##### Extracted records #####

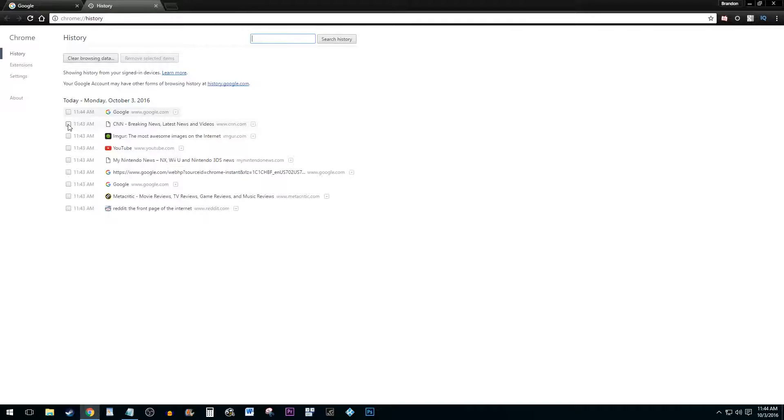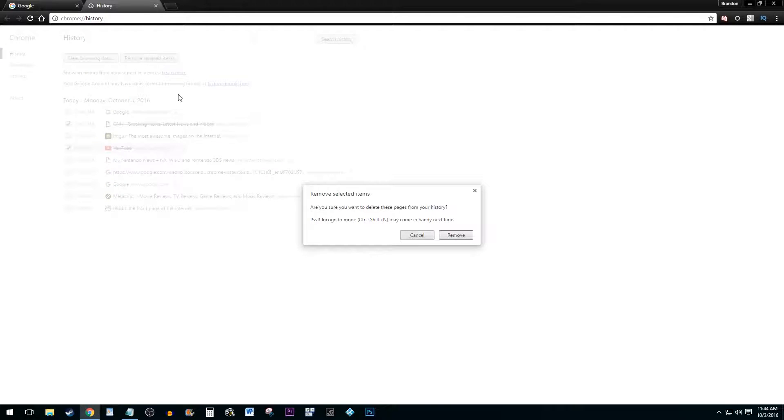To remove selected items, simply click the checkboxes next to the items you wish to delete and then select the Remove Selected Items button.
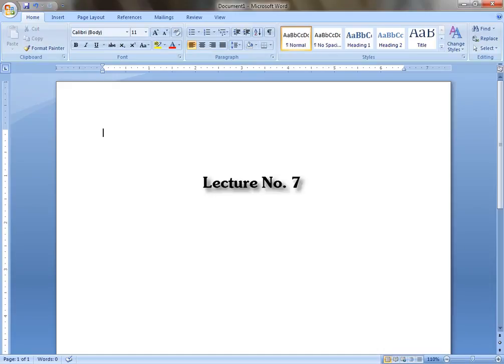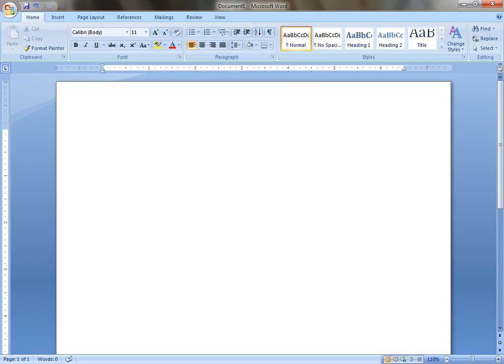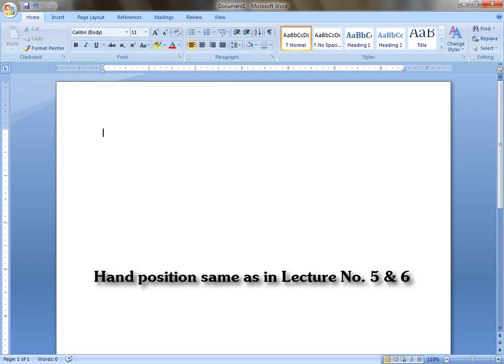Hello and welcome into the lecture number seven of this typing course. In this lecture, we practice lecture number five and six as combined. So just type these words.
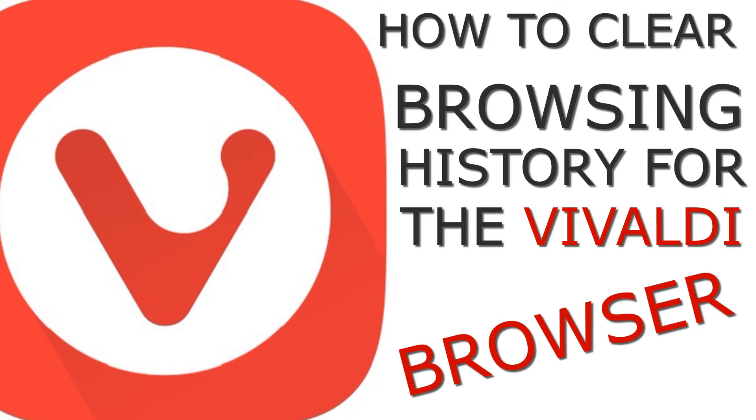In the video for today I'm going to show you how to clear or delete your browsing history for the Vivaldi browser.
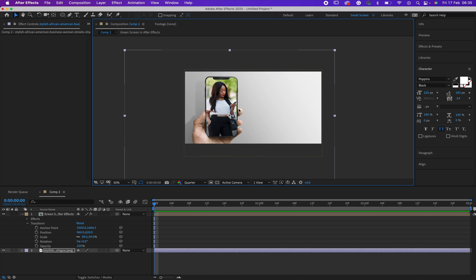And I will upload another video talking about green screen effect. But let's start with this one - putting a person in the phone. Alright, do have a great day. I'm off for now.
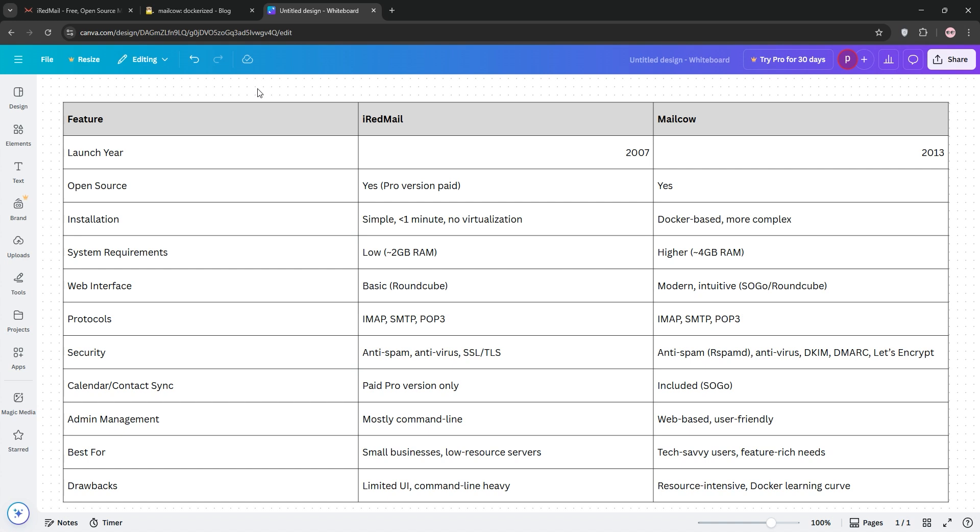That's it guys, choose iRedMail for simplicity and low resources or MailCow for modern features and scalability. Check the comparison chart for more details, like and subscribe for more tech tips, and I'll see you in the next video.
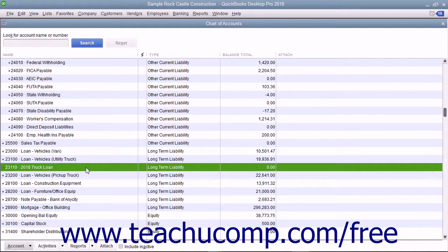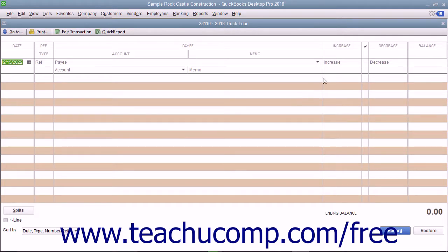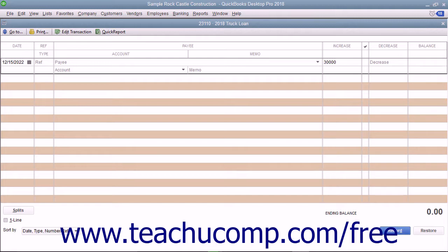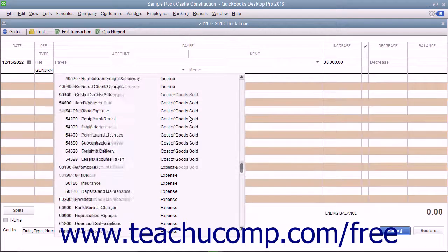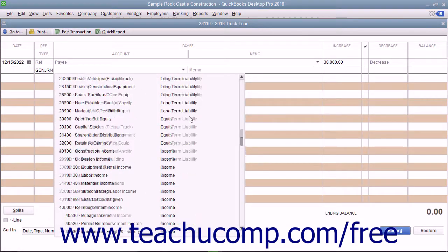For example, if you took out a loan to buy a fixed asset, assign the value of the loan to the original cost sub-account for the fixed asset when entering the original amount of the loan into the associated long-term liability account register.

#####

Instructions to follow | Reproduce, exactly and only, the lines of the records above starting at the line with "And I will upload" and ending at the line with "That's it guys, choose", both included. Leave every picture out.

Answer for the task |
And I will upload another video talking about green screen effect. But let's start with this one - putting a person in the phone. Alright, do have a great day. I'm off for now.
That's it guys, choose iRedMail for simplicity and low resources or MailCow for modern features and scalability. Check the comparison chart for more details, like and subscribe for more tech tips, and I'll see you in the next video.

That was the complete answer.